Dr Roland Su is a senior physics lecturer - and hence is someone I have never been taught by this 3 semesters in NUS. Not a person who would frequently knock at the doors of professors, I am not particularly close to any teaching staff in school. But still, I came across a small handful of really student-centred professors in the Faculty of Science. Compared to a big pool of those who are not, these profs really do stand out, and one of them is none other than Dr Roland Su.
My only contact with him was at my student exchange interview. It was a competitive interview with 12 interviewees and 5 interviewers including himself. Dr Su is himself the associate dean for International Student Exchange, the advisor for a residence in NUS, one of the founders of NUS High School...and with all these highest accolades he had never pitted himself at a higher level than his students. Sometimes I'll see him around S16 building at Science, with his wife and his young kids only around 5-year-old. He knows how to enjoy life's simplest pleasures and the last thing I heard from him was at the interview when he mentioned about some vietnamese food he's particularly in love with and would want to go there soon to try it again.
All of a sudden 2 days ago, Dr Roland Su died in the gym in NUS. I couldn't believe it when I saw the email from the science dean's office.
After knowing of my successful interview results there were many occasions where I wanted to just go and thank him personally.
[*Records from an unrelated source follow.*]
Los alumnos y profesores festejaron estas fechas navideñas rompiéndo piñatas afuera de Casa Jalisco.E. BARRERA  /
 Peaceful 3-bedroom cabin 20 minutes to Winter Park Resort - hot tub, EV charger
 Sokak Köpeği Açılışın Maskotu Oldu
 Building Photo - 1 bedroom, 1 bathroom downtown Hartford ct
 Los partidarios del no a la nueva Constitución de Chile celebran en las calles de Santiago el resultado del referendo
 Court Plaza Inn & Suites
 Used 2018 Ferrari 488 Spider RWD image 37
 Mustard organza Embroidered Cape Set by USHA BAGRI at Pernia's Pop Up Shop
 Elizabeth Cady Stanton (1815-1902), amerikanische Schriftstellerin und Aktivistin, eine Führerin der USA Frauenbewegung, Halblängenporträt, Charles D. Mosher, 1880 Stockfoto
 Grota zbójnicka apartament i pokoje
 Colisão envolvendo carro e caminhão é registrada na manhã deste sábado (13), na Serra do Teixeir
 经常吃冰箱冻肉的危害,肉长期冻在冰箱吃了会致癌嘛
Many times I see him walk past s16 or the canteen but I just decided to approach him next time - I thought I would definitely meet him again for many more times with issues regarding the exchange procedures. In the end, my word of thanks is still kept here, with me.
Dr Roland Su lived benefiting the lives of many - giving opportunities to whoever's ready to embrace them, and that included me. He died teaching me a lesson - don't ever keep your word of thanks to yourself for too long. In fact, don't ever try to keep it - or you may have to just keep it with you forever... and live to regret.